Employment in A Critical or Essential Capacity
In an initially assumed satisfaction of this criterion the petition included multiple comprehensive descriptions of Ivan's employment history and the multitudinous achievements these enterprises had achieved as well as his essential role in them. These accolades and the companies' prominence withing their respective industries were well documented within the petition, including various awards, benchmarks, media coverage and the testimony of experts.
The RFE's Response
While USCIS accepted that Ivan had clearly been employed in a critical or essential capacity for the listed enterprises, it did not believe that the distinguished nature of the companies had been adequately substantiated.

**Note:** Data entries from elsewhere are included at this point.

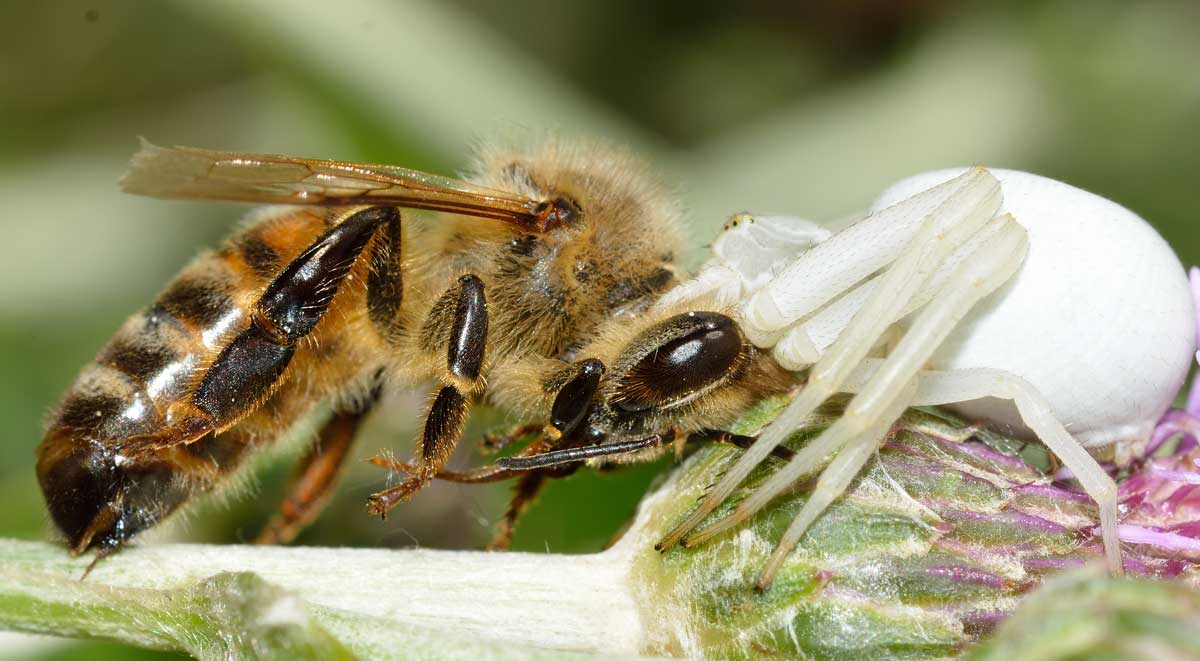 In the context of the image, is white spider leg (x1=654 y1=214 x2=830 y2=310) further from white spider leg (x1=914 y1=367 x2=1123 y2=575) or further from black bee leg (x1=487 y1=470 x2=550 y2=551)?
black bee leg (x1=487 y1=470 x2=550 y2=551)

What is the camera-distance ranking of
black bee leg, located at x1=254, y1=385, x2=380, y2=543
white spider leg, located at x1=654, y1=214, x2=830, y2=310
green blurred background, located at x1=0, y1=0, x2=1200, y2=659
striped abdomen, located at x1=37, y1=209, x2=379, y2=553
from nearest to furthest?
1. striped abdomen, located at x1=37, y1=209, x2=379, y2=553
2. white spider leg, located at x1=654, y1=214, x2=830, y2=310
3. black bee leg, located at x1=254, y1=385, x2=380, y2=543
4. green blurred background, located at x1=0, y1=0, x2=1200, y2=659

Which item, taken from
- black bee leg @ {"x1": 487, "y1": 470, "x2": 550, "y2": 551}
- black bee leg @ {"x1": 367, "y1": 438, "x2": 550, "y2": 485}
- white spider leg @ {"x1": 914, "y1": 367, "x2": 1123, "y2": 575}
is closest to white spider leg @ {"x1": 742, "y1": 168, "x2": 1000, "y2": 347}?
white spider leg @ {"x1": 914, "y1": 367, "x2": 1123, "y2": 575}

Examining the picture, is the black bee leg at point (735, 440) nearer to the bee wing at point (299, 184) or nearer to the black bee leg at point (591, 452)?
the black bee leg at point (591, 452)

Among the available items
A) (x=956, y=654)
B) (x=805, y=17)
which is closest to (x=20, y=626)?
(x=956, y=654)

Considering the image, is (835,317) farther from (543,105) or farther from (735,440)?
(543,105)

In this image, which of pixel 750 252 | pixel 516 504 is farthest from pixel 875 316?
pixel 516 504

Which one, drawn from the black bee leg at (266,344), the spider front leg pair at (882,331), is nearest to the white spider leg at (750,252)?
the spider front leg pair at (882,331) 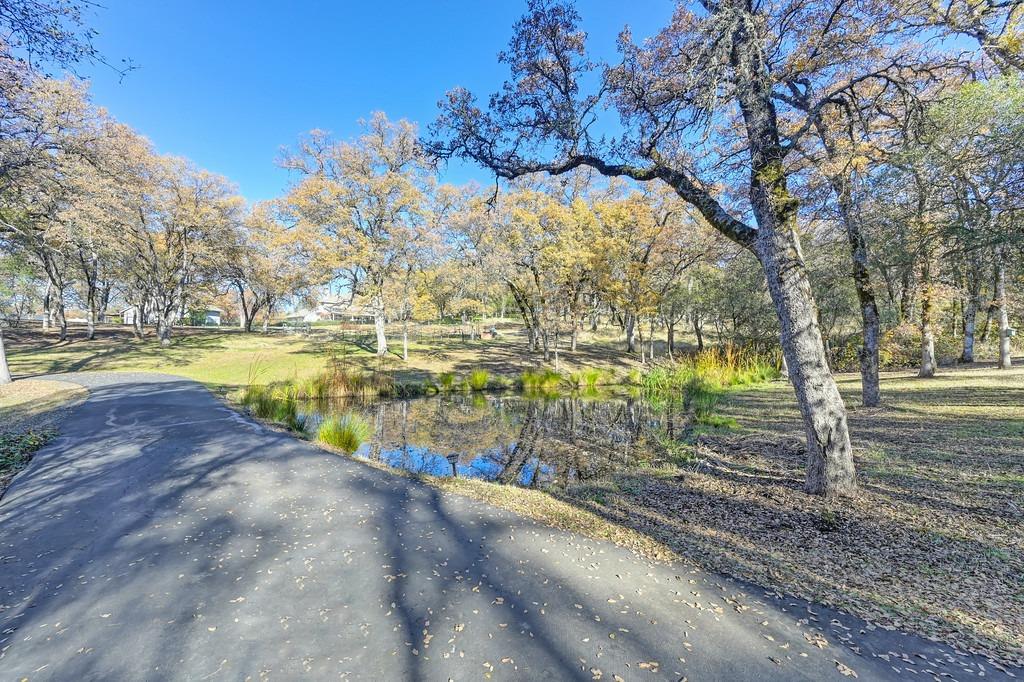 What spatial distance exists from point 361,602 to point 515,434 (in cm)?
780

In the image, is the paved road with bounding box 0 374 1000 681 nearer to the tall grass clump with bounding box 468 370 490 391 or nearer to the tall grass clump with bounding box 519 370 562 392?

We provided the foundation of our persuasive effort with the outlining of what "distinguished" actually means, namely something "marked by eminence, distinction, or excellence distinguished leadership" or "befitting an eminent person."
Our response again went over the various accolades of the companies Ivan had serviced, including such signs of their repute as the prominence of their clientele, top rankings in their industry, global renown, prodigious customer bases and monetary success. In equivalence with the accepted definition of "distinguished" given, we did not believe that USCIS should have reason to doubt this categorical application.
As for Ivan's remuneration a profusion of relevant documents were submitted, including bank statements, payroll printout and pay scale information so that his compensation could be seen in comparison to others in his profession.
The RFE's Response
The RFE stated that the original petition did not include enough corroborating evidence demonstrating that Ivan had been compensated highly compared to other professionals in the industry.
This was perhaps the most surprising assertion made in the request, as Ivan's compensation through his successful enterprises, even if the pay scale information had not been included, was self-evidently lavish and ubiquitously unmatched by others similarly situated by a significant margin.
We again pointed to the analysis of the profession and documentation of Ivan's high remuneration within it, placing him within a small percentage of the most profitable within his field. This information was demonstrative both in his home country of Russia and the United States, evidence that was further bolstered by our provision of additional analytics from even more sources proving his enormous fiscal success.
Ivan was clearly among the highest paid in the entirety of the business coaching sector, a well documented fact that USCIS should have had no trouble in accepting.
Success: Ivan's O-1 Extraordinary Ability Visa is Granted
After a great deal of arduous research and the meticulous presentation of counterpoints to the RFE's exceedingly trifling qualms in approving Ivan's petition, our efforts proved to be a success.
This was a highly unusual RFE, and there appears to be an emergent pattern of their issuance as USCIS becomes more strident in its efforts to regiment its granting of previously acceptable visa applications. Still, with prudent care and emphasis of the statutory guidance of which adjudicators are obligated to operate in accordance, even an excessively reluctant agency can be persuaded as to the rightful admittance of worthy individuals such as our client.